I feel for Mr Shakil Ahmed, the aforesaid councillor, but only a bit. It seems to me that he, and a lot of other parents in our Islamic communities, are doing a passable impression of an ostrich with its head in the sand. The media ask why children brought up in middle class households, with a good education should show signs of extremism. I think the answer is obvious; blame the parents. Many of them, and I think this is a feature of many South Asian communities (though my comments may apply to others, I have insufficient experience to comment) tend have authoritarian tendencies and are patriarchal is extreme. Wives and daughters are required to subjugate themselves to the father's will; sons are spoilt but also expected to do as they are told; all children are expected to absorb their conservative cultural traditions. None of this sits easily with the liberalism of modern Britain. And the parents, and children, I am talking about are second or third generation, not recently arrived in this country.

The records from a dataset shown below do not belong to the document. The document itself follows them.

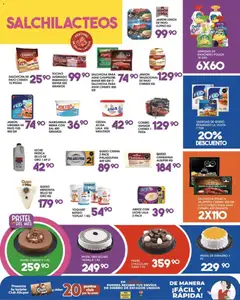 Vista previa de QUESO CREMA 2 PACK, QUESO CREMA 2 PACK PHILADELPHIA 440 GRS, nuevo folleto de la tienda, válido en México a partir del 12.06.2026 | Página: 3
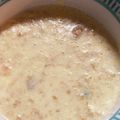 um♪'s cooksnap of when they made 簡単計量不要？具なし洋風オートミール粥.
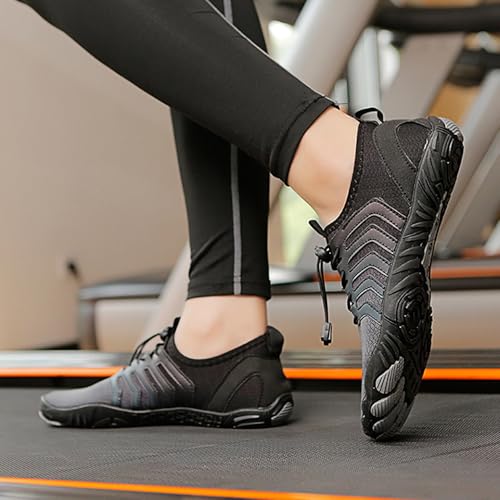 Image of Grounded Barefoot Footwear for Women Men Neuropathy, Healthy Comfortable Non-Slip Grounding Barefoot Shoes Womens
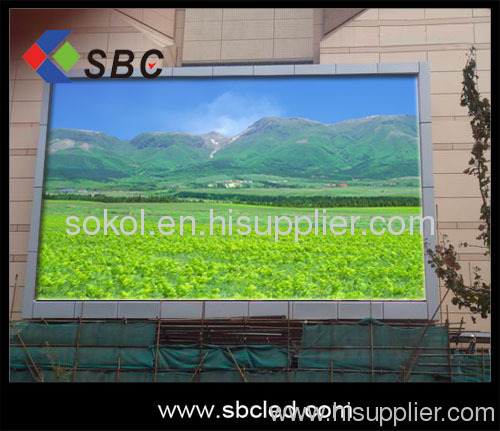 P31.25 outdoor full color led screen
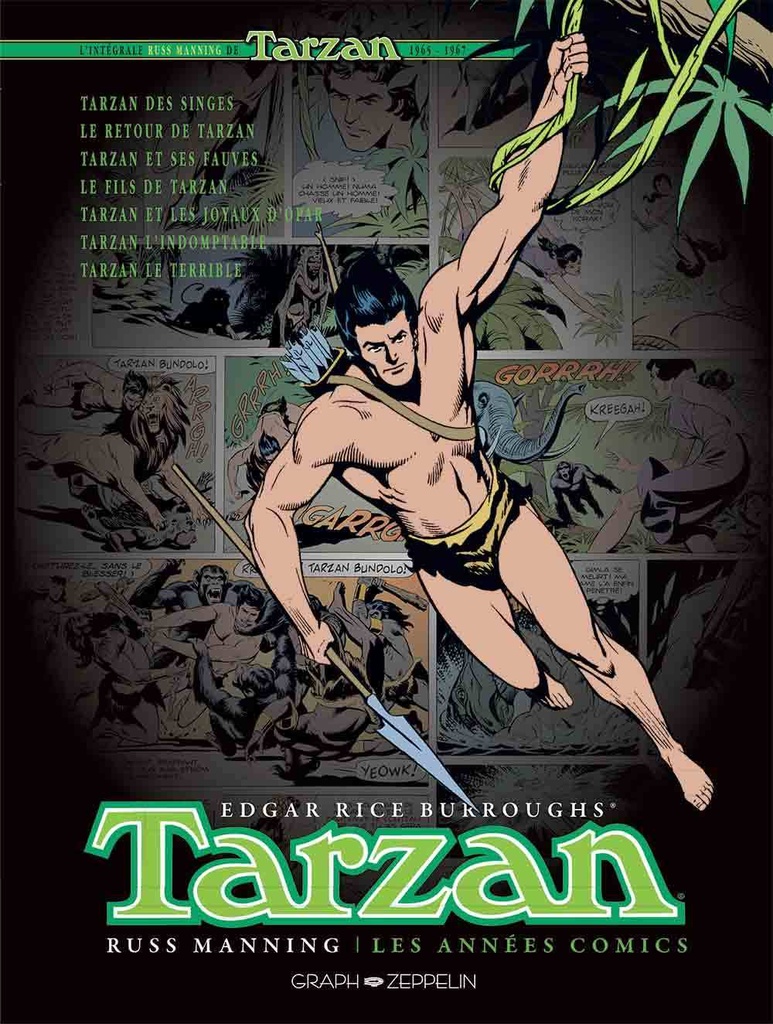 [9782490357284] Tarzan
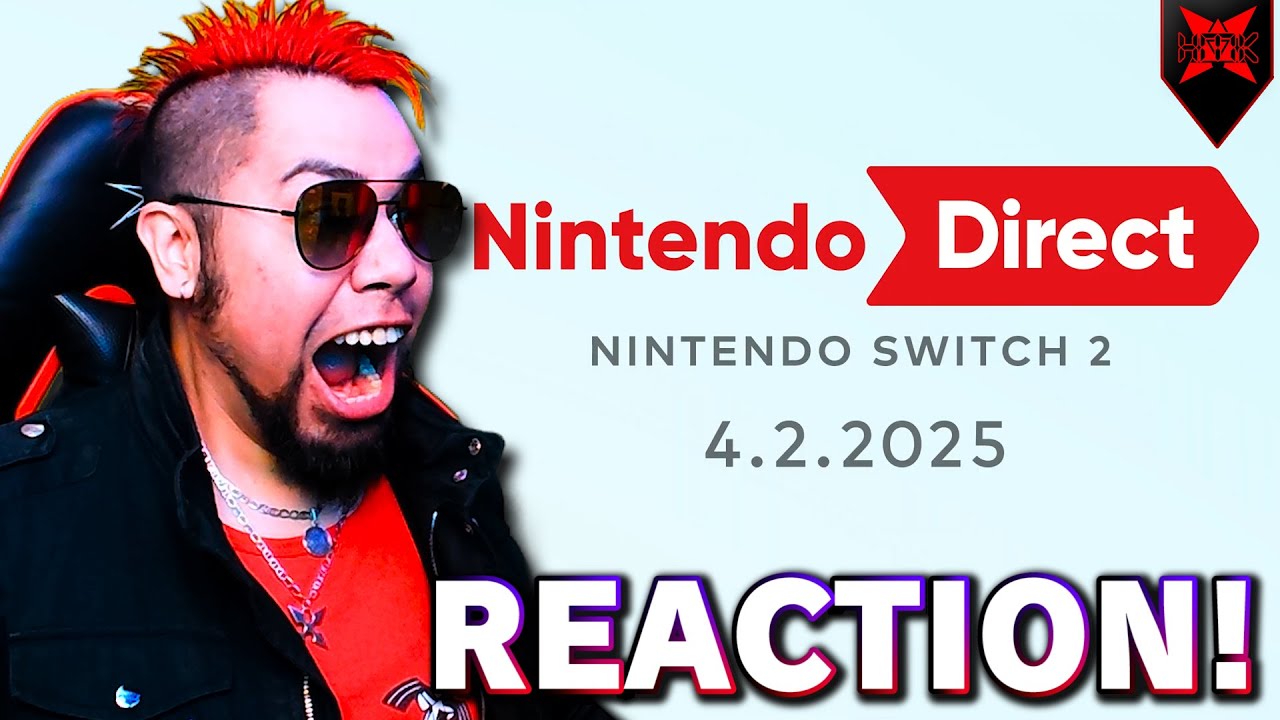 Nintendo Switch 2 Nintendo Direct | FULL HMK REACTION!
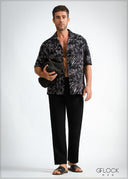 Oversize Revere Collar Shirt - 260426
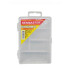 Kenmaster MK01 Kotak Plastik Mini 6 Slot Plastic Box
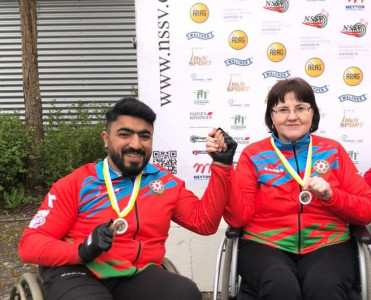 Azərbaycan paratletlərindən Almaniyada gümüş medal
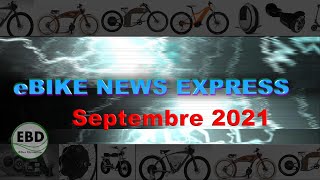 eBIKE NEWS EXPRESS Septembre 2021 - Annonce 2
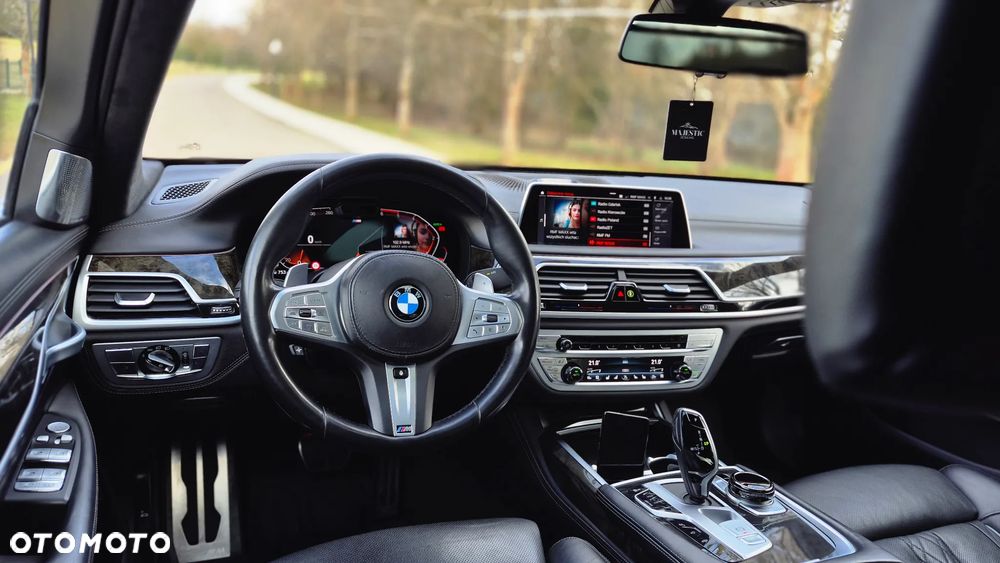 BMW Seria 7 750d xDrive sport - 8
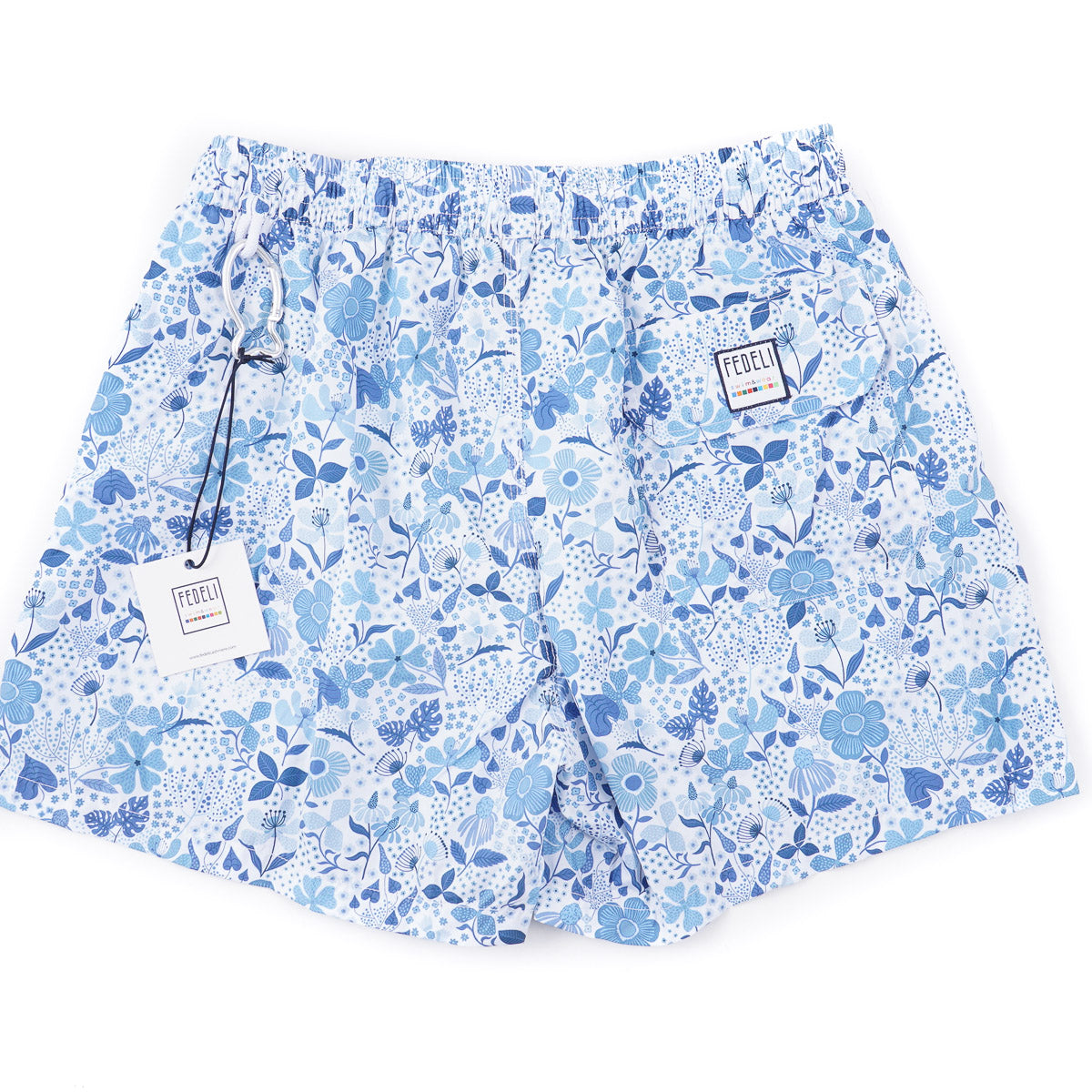 Fedeli 'Madeira' Printed Swim Trunks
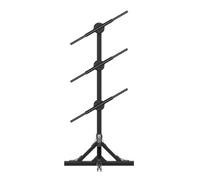 JHXHFJXZ 3 In 1 45CM Hologram Fan LED Holographic Advertising Light Naked Eye 3d Display Screen DIY Image Text For Business Store Signs, Bar Easy to Change Video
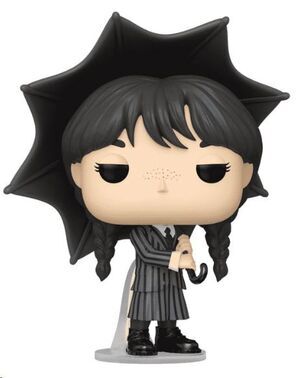 WEDNESDAY FIGURA POP! VINYL WEDNESDAY W/UMBRELLA EXCLUSIVE 9 CM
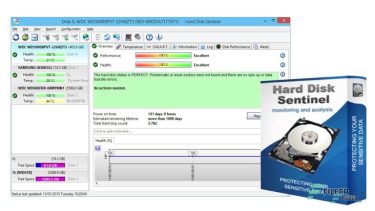 Hard Disk Sentinel Pro 5.40.6 for Windows | File Download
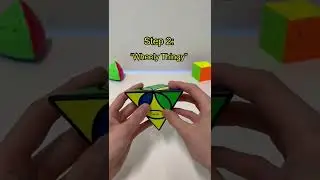 Try this beginner’s puzzle 🧩 The Coin Pyraminx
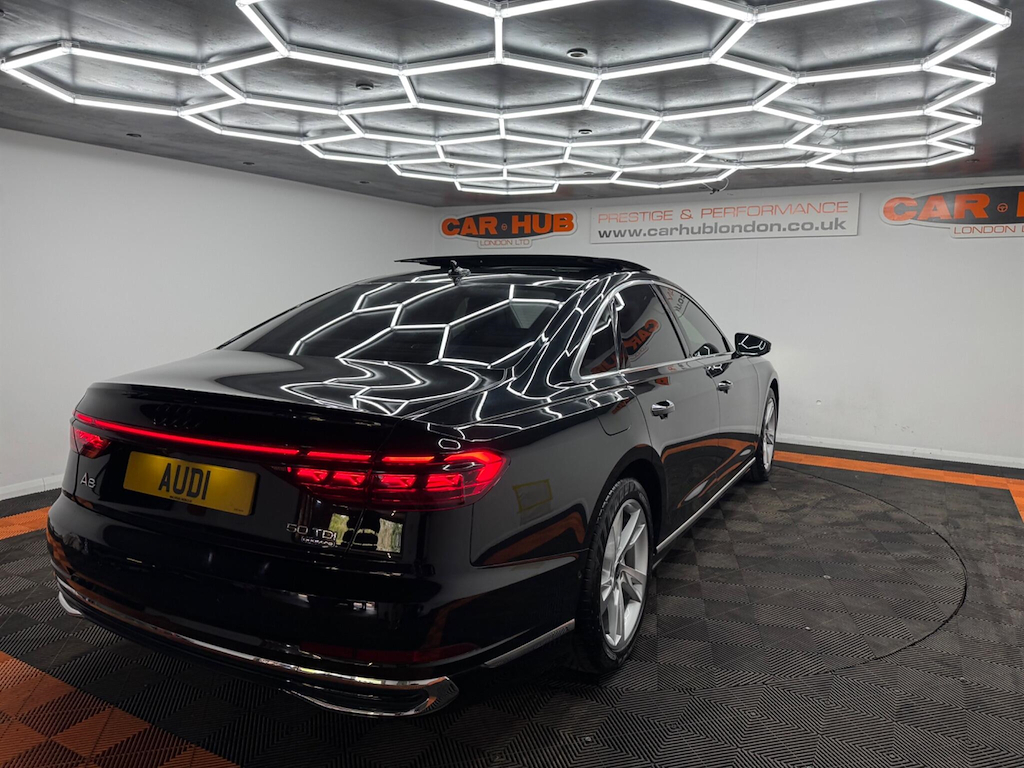 Audi A8 S8 Quattro Vorsprung Tiptronic Grey #13
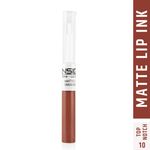 Buy INSIGHT Cosmetics Matte Lip Ink (Lg-42)_Top Notch - Purplle
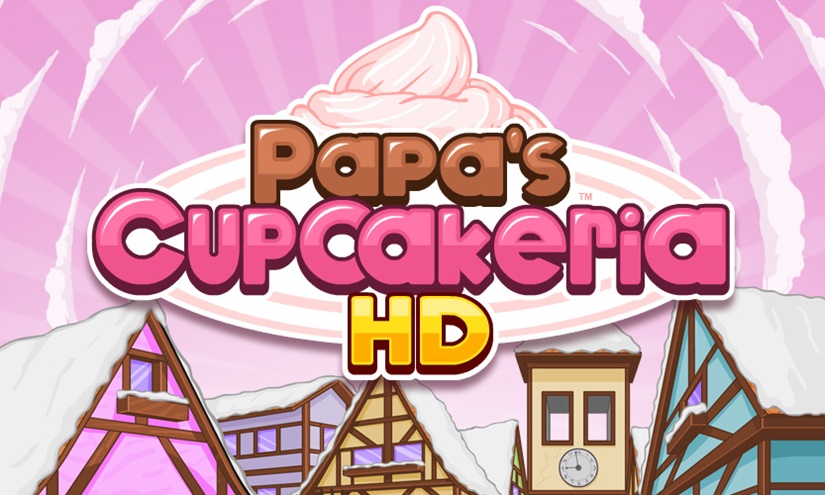 Papa's Cupcakeria Gameplay Screenshot 1 - Play Online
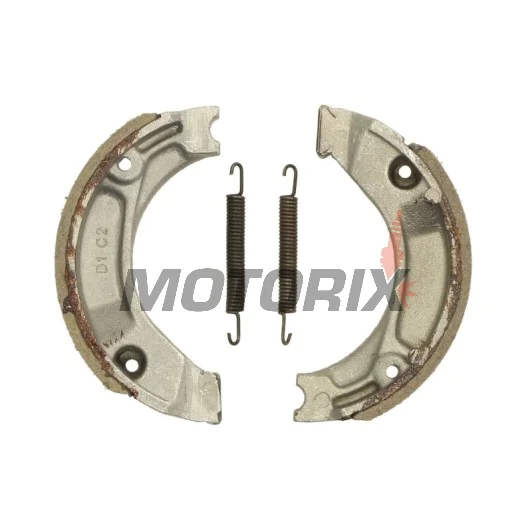 Brzdové čelisti -FERODO- FSB705A, 110x25mm, Honda CLR Cityfly 125, CR 80R/80RB, CRF 150RB, MBX/MCX/MT/MTX 50-200, XL 185/200/350, XR 500R/600R 1980-2007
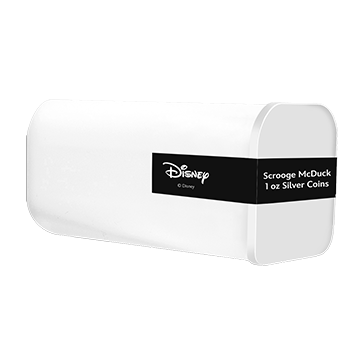 Buy 1 oz Silver Scrooge McDuck Coin, image 3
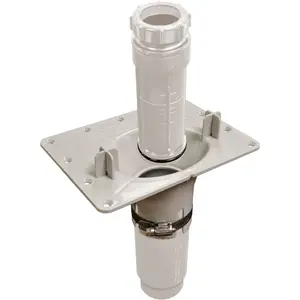 MAAX 10034341 PVC F2 Freestanding Bath Drain Kit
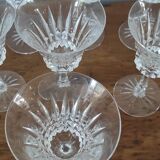 Villeroy and boch crystal wine glass set
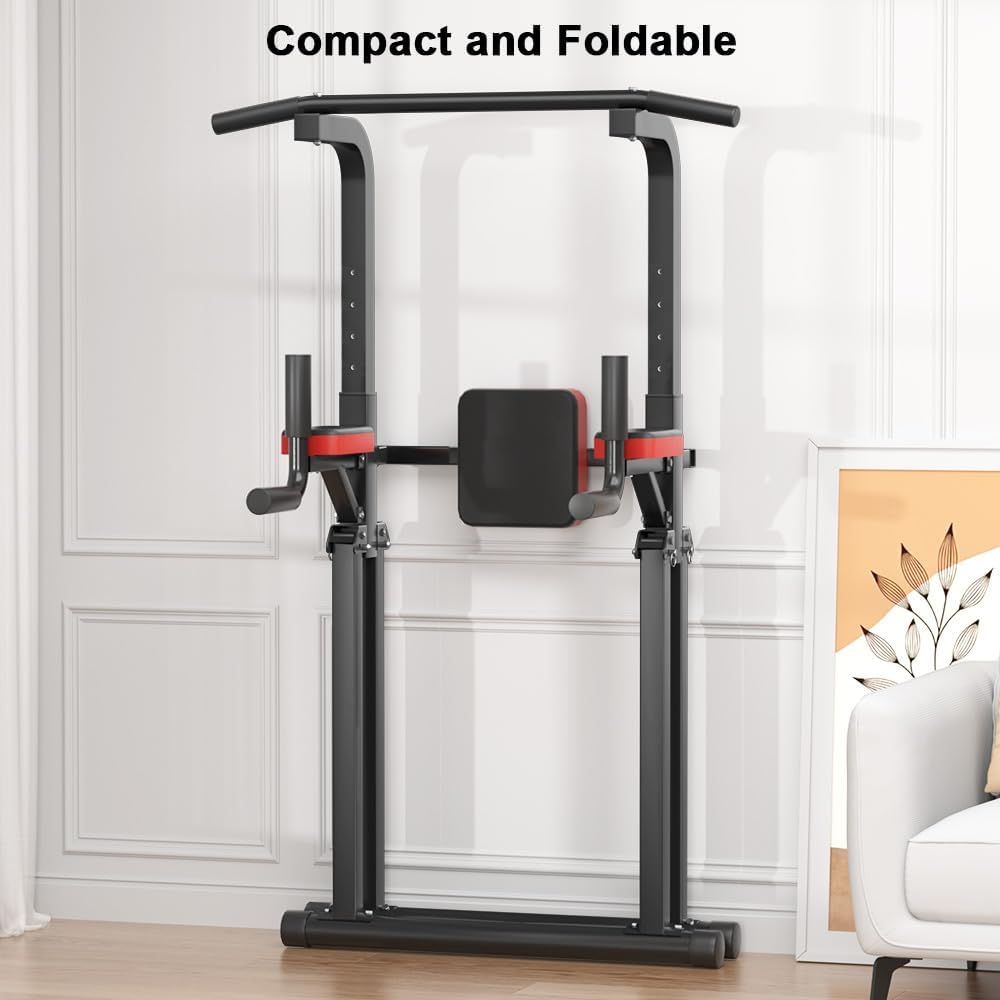 Foldable Adjustable Power Tower
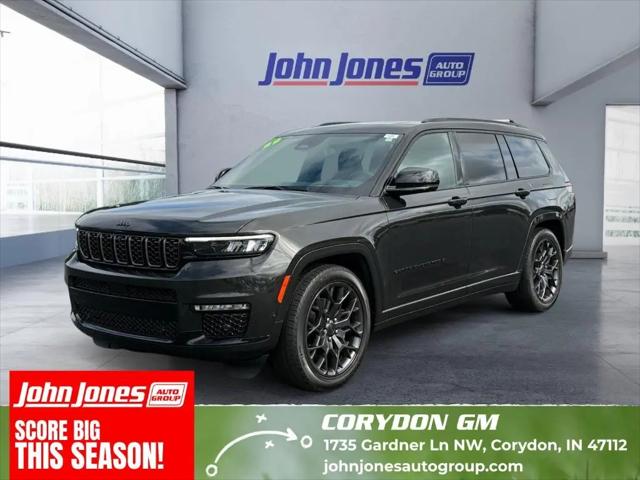 2025 Jeep Grand Cherokee L Summit Reserve 4x4 for sale in Corydon, IN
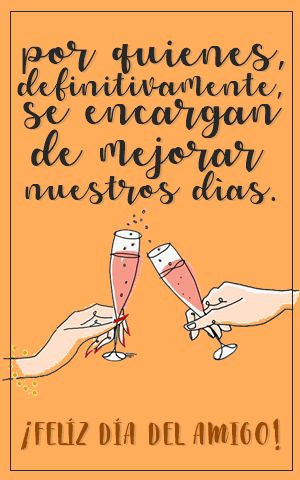 Día del amigo. frase. friends day. Dia Del Amigo Ideas Originales, Spanish Greetings, Friends Day, More Than Words, Love Images, Friends Quotes, Book Worth Reading, Aesthetic Wallpapers, Worth Reading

How difficult is it for these kids to reconcile the messages they get from their friends, peers at school and the media with the messages their parents are giving them? All teenagers struggle to develop their own independence and some of course rebel; it is part of growing up. But if your family and society's values are so different the strain must be even greater. In these circumstances is it so surprising that some will be lured by a third alternative that offers a unified view of the world, based on your own religion, revolutionary, with the excitement of being in at the start of something new? Never mind about the gross depravity that we see in the media from ISIS (or is it ISIL?); this can be explained away by conspiracy theorists as deliberate media distortion. After all no one can be that ghastly, right? You don't make omelettes without breaking some eggs! And anyway, look at the people killed by the USA in pursuing it's foreign policy (I used to work with an active Catholic American who was absolutely convinced that abortion was murder and should be stopped, but that killing a few dozen wedding celebrants or children with a stray bomb in Afghanistan was "just collateral damage").
Returning to the theme,what is so different between these children running to Syria and the kids who joined the Moonies, Charles Manson or the Bader Meinhof Gang? Some are no doubt sociopaths, but most are just rebelling against the straight jacket of family expectations and looking for a way that they can live their own lives that may even, when the caliphate is up and running, make them heroes. Perhaps their parents are also quite fundamentalist in their religious thinking (in the sense of the 50 million Americans who think that the bible is literally the word of God, not in the sense of chopping heads and hands off unbelievers) and will one day be proud of them for what they did.
So I blame the parents. Let your children grow up as full members of 21st century Britain, and not try to make them live by a different set of standards (yours). They are different from you and should be allowed to express that fact. This is not a plea by the way for sex, drugs and rock and roll; these are temptations that all parents and children have to struggle with. But at least their children will not be torn in two directions. And they may even be more open to more liberal interpretations of their religion that are consistent with a modern liberal democracy. However for that the parents ought also to be more active in their own Mosques so that they know what is gong on and can ensure that extremist views are effectively countered.